Graupel might have hit you in the face Saturday, and you didn’t even know it.
It would have felt like sleet or hail, but it was their close relative with a strange name — pronounced “GRAH-pull.”
National Weather Service meteorologist Ben Deubelbeiss confirmed Sunday that the snow pellets fell in areas of the North Side and north suburbs Saturday afternoon for about 30 minutes.
“It gets attention because it has a funny name,” Deubelbeiss said. “It’s just a term that a lot of folks haven’t heard before. We were getting a lot of questions on social media about it.”
Graupel occurs typically in the fall as the air begins to cool.
It’s basically a smaller, softer version of hail that forms in showers and storms that have lower altitudes than typical thunderstorms, Deubelbeiss said. Both icy forms of precipitation freeze as droplets of water are carried skyward by updrafts.
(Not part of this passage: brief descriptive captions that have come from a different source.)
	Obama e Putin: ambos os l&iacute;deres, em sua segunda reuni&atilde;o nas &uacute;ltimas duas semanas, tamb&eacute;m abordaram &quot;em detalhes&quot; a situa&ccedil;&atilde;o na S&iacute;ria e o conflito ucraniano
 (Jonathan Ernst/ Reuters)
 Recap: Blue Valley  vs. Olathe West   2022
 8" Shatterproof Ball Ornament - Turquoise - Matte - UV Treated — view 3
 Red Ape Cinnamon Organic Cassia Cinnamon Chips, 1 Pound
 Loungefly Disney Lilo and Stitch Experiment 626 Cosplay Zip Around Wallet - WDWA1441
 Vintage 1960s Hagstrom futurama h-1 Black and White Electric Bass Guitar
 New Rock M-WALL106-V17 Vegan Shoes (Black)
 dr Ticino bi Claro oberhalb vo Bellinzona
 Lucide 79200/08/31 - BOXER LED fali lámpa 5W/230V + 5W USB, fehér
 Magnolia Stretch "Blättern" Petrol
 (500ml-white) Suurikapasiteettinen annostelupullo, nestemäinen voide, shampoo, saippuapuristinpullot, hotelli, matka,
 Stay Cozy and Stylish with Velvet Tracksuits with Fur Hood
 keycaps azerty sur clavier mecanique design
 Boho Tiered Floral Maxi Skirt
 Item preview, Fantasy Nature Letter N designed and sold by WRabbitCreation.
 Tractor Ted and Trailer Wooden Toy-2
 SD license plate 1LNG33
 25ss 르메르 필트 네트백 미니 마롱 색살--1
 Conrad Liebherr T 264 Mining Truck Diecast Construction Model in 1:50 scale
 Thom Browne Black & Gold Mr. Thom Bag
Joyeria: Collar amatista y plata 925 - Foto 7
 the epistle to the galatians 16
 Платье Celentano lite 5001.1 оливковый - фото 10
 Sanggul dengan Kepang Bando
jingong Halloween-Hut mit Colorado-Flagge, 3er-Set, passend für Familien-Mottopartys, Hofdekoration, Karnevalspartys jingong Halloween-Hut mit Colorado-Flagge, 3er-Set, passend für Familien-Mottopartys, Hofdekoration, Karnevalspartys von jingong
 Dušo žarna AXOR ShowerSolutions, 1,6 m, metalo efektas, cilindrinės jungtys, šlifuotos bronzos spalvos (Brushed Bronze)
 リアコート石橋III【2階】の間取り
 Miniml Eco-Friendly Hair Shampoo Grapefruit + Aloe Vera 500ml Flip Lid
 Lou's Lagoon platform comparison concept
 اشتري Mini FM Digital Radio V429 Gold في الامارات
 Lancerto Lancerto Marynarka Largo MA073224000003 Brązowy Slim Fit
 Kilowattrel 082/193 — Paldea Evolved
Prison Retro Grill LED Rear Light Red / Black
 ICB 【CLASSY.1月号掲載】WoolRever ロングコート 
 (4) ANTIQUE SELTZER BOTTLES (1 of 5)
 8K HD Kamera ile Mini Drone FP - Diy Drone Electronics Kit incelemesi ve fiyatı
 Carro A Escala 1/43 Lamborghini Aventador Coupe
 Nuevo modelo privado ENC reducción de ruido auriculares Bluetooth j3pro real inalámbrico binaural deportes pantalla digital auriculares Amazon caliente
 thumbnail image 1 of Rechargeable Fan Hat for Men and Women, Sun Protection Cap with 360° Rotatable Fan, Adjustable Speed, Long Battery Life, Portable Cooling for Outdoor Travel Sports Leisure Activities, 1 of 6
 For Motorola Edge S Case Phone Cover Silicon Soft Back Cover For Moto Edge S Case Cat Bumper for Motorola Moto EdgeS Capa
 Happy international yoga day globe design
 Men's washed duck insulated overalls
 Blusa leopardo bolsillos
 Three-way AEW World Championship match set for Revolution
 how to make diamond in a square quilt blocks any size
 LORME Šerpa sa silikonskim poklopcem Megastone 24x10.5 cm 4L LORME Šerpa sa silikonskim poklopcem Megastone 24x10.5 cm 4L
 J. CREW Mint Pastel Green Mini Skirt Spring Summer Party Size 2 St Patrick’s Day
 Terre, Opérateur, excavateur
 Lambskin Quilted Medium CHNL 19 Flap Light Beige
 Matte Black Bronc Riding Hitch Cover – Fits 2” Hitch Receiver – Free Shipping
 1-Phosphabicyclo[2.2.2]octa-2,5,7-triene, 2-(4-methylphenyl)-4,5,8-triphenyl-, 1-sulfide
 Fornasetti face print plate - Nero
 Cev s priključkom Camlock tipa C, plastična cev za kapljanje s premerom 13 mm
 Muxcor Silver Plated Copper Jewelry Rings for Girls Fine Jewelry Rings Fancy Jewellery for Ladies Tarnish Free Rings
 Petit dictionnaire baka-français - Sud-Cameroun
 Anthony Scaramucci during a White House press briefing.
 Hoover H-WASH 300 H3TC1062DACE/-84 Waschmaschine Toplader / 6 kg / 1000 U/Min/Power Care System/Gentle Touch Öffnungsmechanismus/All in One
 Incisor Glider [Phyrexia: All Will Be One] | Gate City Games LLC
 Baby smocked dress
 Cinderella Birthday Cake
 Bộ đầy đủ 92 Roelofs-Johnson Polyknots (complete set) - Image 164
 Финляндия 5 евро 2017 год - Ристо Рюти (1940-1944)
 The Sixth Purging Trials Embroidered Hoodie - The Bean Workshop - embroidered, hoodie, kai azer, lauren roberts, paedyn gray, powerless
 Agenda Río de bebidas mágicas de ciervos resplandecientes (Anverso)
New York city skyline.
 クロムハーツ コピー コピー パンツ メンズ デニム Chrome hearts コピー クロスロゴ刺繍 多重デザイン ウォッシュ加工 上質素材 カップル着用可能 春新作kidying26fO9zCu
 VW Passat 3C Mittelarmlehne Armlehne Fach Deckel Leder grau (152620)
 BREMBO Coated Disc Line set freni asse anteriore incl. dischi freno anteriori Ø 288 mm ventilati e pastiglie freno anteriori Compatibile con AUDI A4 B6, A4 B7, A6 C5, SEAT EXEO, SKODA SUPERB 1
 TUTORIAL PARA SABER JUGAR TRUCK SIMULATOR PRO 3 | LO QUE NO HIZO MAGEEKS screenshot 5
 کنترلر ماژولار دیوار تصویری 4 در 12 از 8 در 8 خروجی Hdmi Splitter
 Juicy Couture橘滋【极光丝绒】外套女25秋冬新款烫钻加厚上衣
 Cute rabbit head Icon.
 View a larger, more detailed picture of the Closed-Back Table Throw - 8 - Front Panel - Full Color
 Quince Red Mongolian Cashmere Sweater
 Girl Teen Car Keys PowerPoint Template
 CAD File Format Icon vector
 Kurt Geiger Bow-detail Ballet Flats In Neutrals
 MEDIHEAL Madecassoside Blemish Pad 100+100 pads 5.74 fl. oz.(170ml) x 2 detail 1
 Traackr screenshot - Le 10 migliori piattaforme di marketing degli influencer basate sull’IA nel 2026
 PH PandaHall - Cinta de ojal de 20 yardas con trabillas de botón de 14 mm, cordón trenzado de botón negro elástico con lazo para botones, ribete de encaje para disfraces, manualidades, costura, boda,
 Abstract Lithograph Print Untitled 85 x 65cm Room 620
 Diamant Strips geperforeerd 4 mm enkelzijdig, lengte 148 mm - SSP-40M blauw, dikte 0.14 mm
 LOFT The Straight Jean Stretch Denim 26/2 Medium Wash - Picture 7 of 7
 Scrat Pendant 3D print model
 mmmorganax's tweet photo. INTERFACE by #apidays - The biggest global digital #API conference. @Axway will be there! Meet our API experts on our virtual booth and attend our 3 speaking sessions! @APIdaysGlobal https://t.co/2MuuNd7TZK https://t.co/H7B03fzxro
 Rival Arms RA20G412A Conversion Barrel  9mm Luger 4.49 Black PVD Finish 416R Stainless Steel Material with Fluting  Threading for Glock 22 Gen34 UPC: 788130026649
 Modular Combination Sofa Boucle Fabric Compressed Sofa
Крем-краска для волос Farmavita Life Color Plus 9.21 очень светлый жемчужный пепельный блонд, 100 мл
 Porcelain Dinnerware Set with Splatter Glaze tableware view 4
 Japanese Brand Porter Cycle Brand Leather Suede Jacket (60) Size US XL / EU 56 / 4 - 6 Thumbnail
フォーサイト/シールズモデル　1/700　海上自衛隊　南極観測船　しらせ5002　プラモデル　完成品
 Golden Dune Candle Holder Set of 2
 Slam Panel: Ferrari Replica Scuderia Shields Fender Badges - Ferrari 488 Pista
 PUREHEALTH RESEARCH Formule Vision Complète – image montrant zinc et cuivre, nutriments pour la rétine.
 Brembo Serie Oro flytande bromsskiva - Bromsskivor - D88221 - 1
Not to be confused with sleet, which forms when snow flakes aloft fall into a warm layer of air and melt, then fall into colder air and refreeze into ice.
Could someone standing at Pulaski Road and Peterson Avenue tell the difference between hail and graupel and sleet while getting pelted in the face by the stuff?
“Probably not,” Deubelbeiss said.
“Unless it was big hail. That would hurt,” he said.